[TO DO]: Leaving out every picture, transcribe the lines from the line that contains "MANGO - Shirt africa - black" to the end of the entries below, both ends included.

--- MATERIAL SHOWN ---

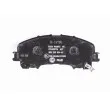 HELLA 8DB 355 024-621 - Jeu de 4 plaquettes de frein avant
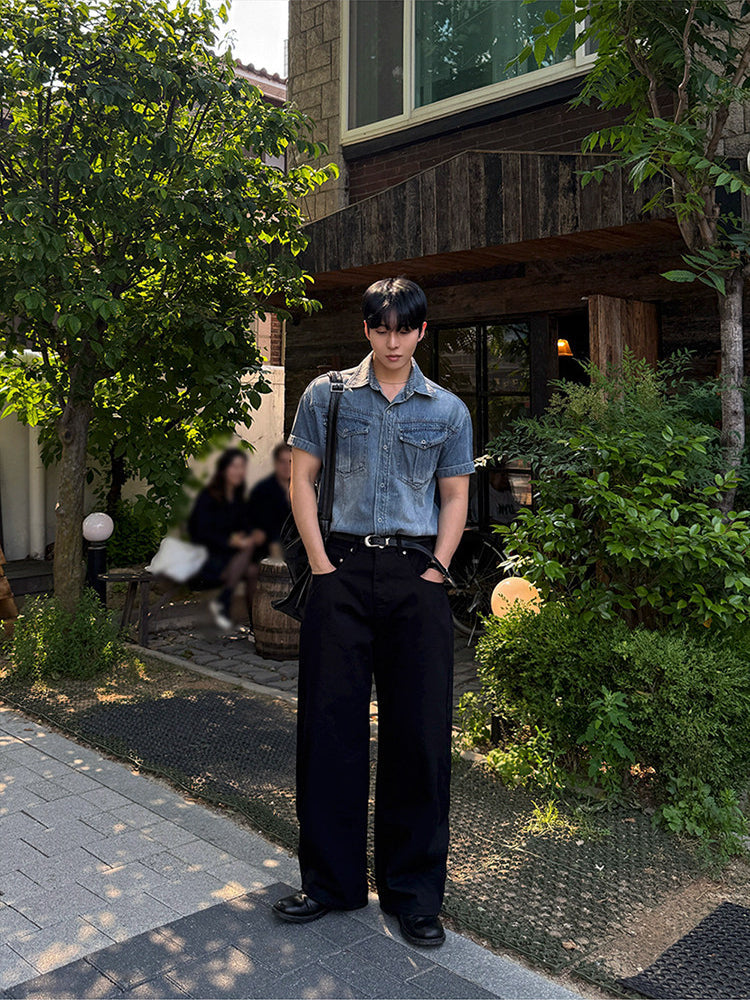 Straight Leg Relaxed Summer Pants
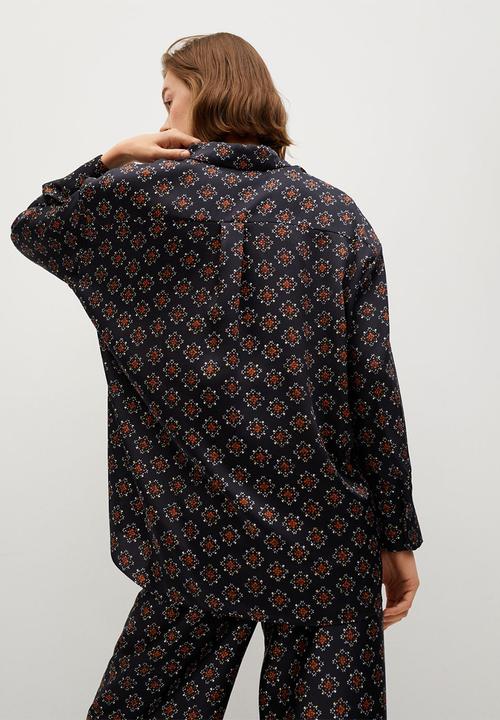 MANGO - Shirt africa - black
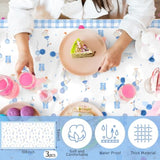 3 Pcs One Silly Goose Birthday Decor Tablecloth Waterproof Plastic Table Covers Goose Decor For Birthday Party Baby Shower 54X108 Inch (Blue)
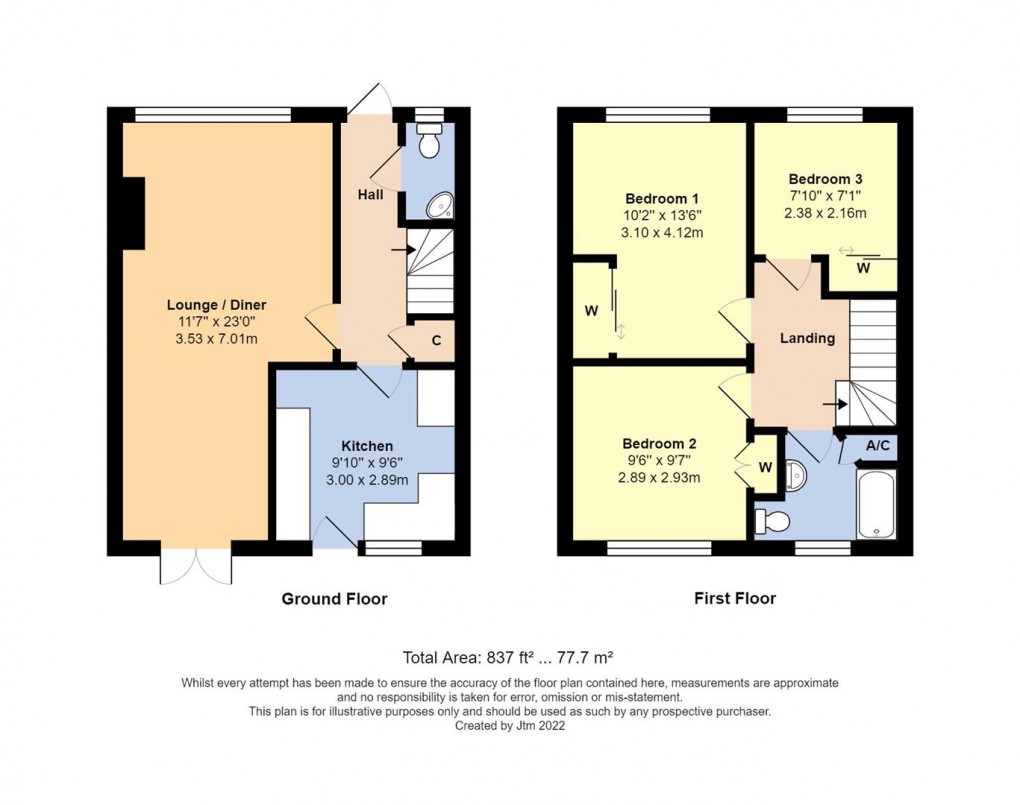 Floorplan for Norfolk Gardens, Littlehampton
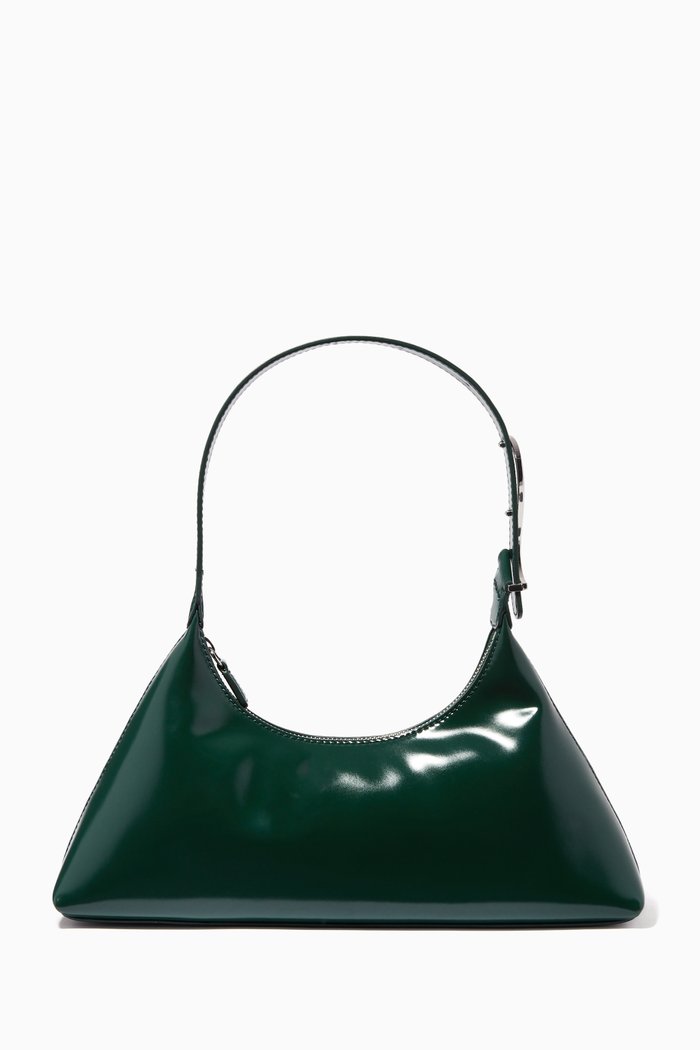 

Estelle Shoulder Bag in Polished Leather, Green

---

[ANSWER AREA]:
 MANGO - Shirt africa - black
 3 Pcs One Silly Goose Birthday Decor Tablecloth Waterproof Plastic Table Covers Goose Decor For Birthday Party Baby Shower 54X108 Inch (Blue)
 Floorplan for Norfolk Gardens, Littlehampton

Estelle Shoulder Bag in Polished Leather, Green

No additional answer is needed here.